Look below for the line with "Alright YouTube, David". Retype it and every line after it to the end, exactly, but leave out the pictures.

******

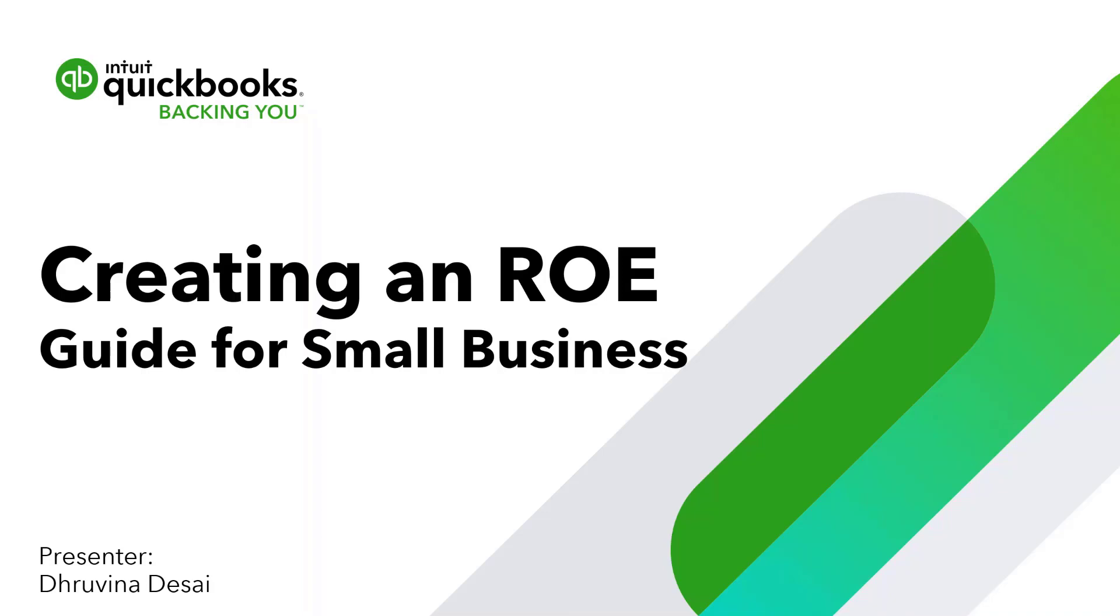Hello everyone and welcome to this edition of the QuickBooks webinar series. Today we're going to be talking about creating an ROE. We've created a general guide to help you generate an ROE in QuickBooks Online.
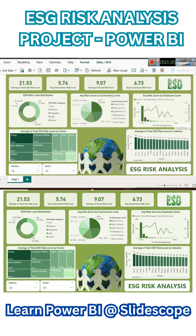We will learn how to create this dashboard, how to bring in the background image, and how to do this analysis. So let's get started with it.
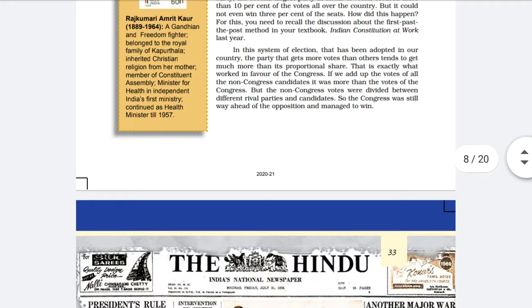How did this happen? To understand this, you need to recall the discussion about the first-past-the-post method from the textbook Indian Constitution at Work.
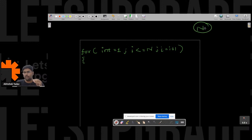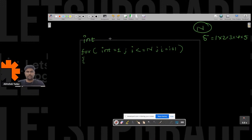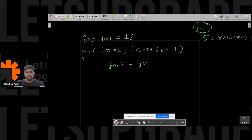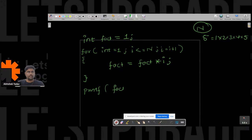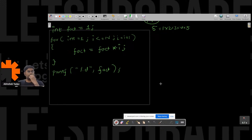I have to find the factorial of n — let's assume it is five, so one into two into three into four into five. I will create a variable called fact and initialize fact with one. Inside the body, I will do fact is equal to fact into i. And after that I will print the factorial. So if I have to dry run the code, let's try to do that.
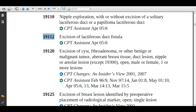Code 19112 is excision of lactiferous duct fistula. A lactiferous duct fistula is an abnormal passage formed between the milk ducts and the periareolar region of the patient's breast. For this condition, the physician places the patient under general anesthesia, then completely removes the lactiferous duct along with the fistula. The physician stops the bleeding by cauterization, then irrigates with saline and sutures the wound in layered fashion.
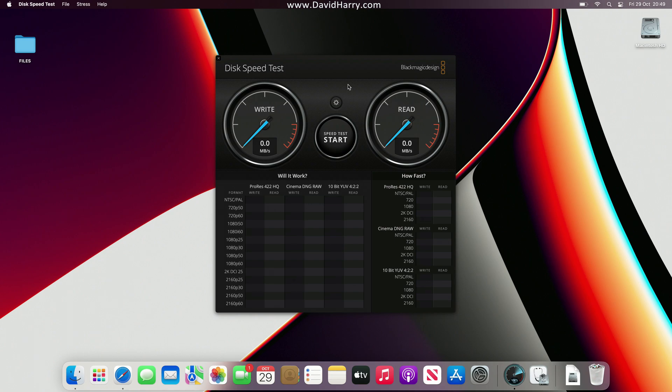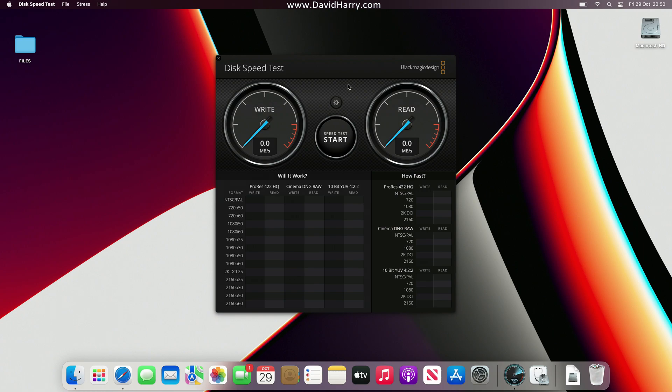Alright YouTube, David Harry here, and I'm just going to do a real quick video showing you the results of a disk speed test using the Blackmagic utility here on the internal storage for the new M1 Max MacBook Pro.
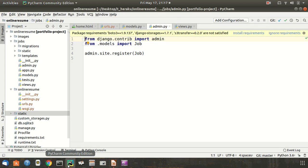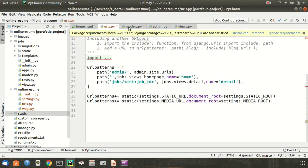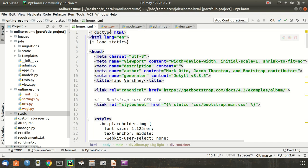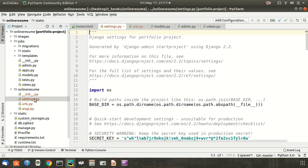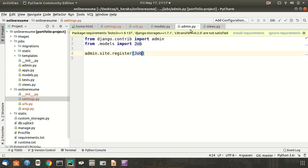We will be creating a database, organizing URL paths, designing the interface, and covering some key topics that will help us on our journey — including static files, setting up our SQL database, models, and using the admin interface. So let's get started with building this online resume with Django.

******

* [REPLY]:
Alright YouTube, David Harry here, and I'm just going to do a real quick video showing you the results of a disk speed test using the Blackmagic utility here on the internal storage for the new M1 Max MacBook Pro.
We will be creating a database, organizing URL paths, designing the interface, and covering some key topics that will help us on our journey — including static files, setting up our SQL database, models, and using the admin interface. So let's get started with building this online resume with Django.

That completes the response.